After getting an overview of the data, I separated the UK dataset since it contained the major market. Then, I analyzed the customer retention through Repeat Purchase Rate (RPR), Purchase Frequency (PF), and Time Between Purchases(TBP) metrics.

  • Repeat Purchase Rate (RPR) = Number of customers that bought more than once/ Total number of customers.
  • Purchase Frequency (PF) = Number of orders in the last 365 days/ Number of unique customers over the last 365 days.
  • Time Between Purchases(TBP) = 365 days/ Purchase Frequency.
The Repeat Purchase Rate (RPR) of the UK customers were 97.34% in 2009, and 97.87% in 2010. Compared to the average retention rate in retail industry (63%), the business performed significantly above the average. Part of the reason could be attributed to the majority of the customers being wholesalers, who need to buy products that they can trust, regularly. The Purchase Frequency (PF), that is, the average number of orders per customer, was 1.93 orders in 2009 and 4.83 orders in 2010. Time Between Purchases(TBP) was 188 days in 2009 and 75 days in 2010.






CUSTOMER SEGMENTATION

To segment the customers, I used the behavioral based approach of using RFM metrics: recency, frequency, and monetization.

  • Recency: Number of days between max date in the invoice column and the date of the last purchase for each customer.
  • Frequency: Number of orders for each customer.
  • Monetization: Sum of purchase price for each customer.
I assigned scores to each of the customers based on the quartile they were placed in. As for recency, customers in the lower quartile were assigned higher scores, whereas for frequency and monetization, customers in the upper quartile were assigned higher scores. Then, I drew an elbow graph to find out the best number of segmentations that I can get. I decided to go with 6 clusters, so that each characteristics of the segments are unique enough.

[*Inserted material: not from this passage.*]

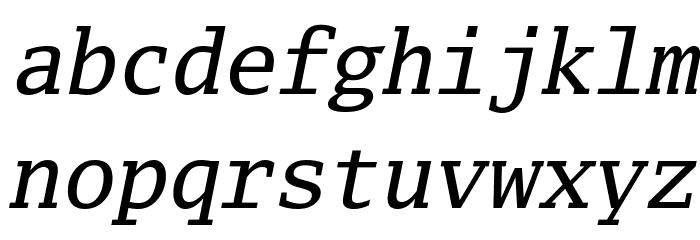 Luxi Mono Oblique Font LOWERCASE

With this number (6 clusters), I employed k-means clustering to segment the customers. You can see the different segments of the customers in the 3d graph below. I named the segments as following:

  • High recency, High frequency, High monetization = MVC: Most Valuable Customers.
  • High recency, High frequency, Mid~Low monetization = VC: Valuable Customers.
  • High recency, Mid frequency, Low monetization = Newcomers.
  • Mid~Low recency, High frequency, High~Mid monetization = Previous MVC.
  • Mid~Low recency, High~Low frequency, High-Low monetization = Previous VC.
  • Low recency, Low frequency, Low-Mid monetization = Hibernating.
    ‘VC’ (22.9%) was the biggest segment, closely followed by ‘Previous VC’(21.4%), then ‘Hibernating’(15.6%), ‘Newcomers'(14.6%), ‘MVC’(13.0%), and ‘Previous VC’(12.5%).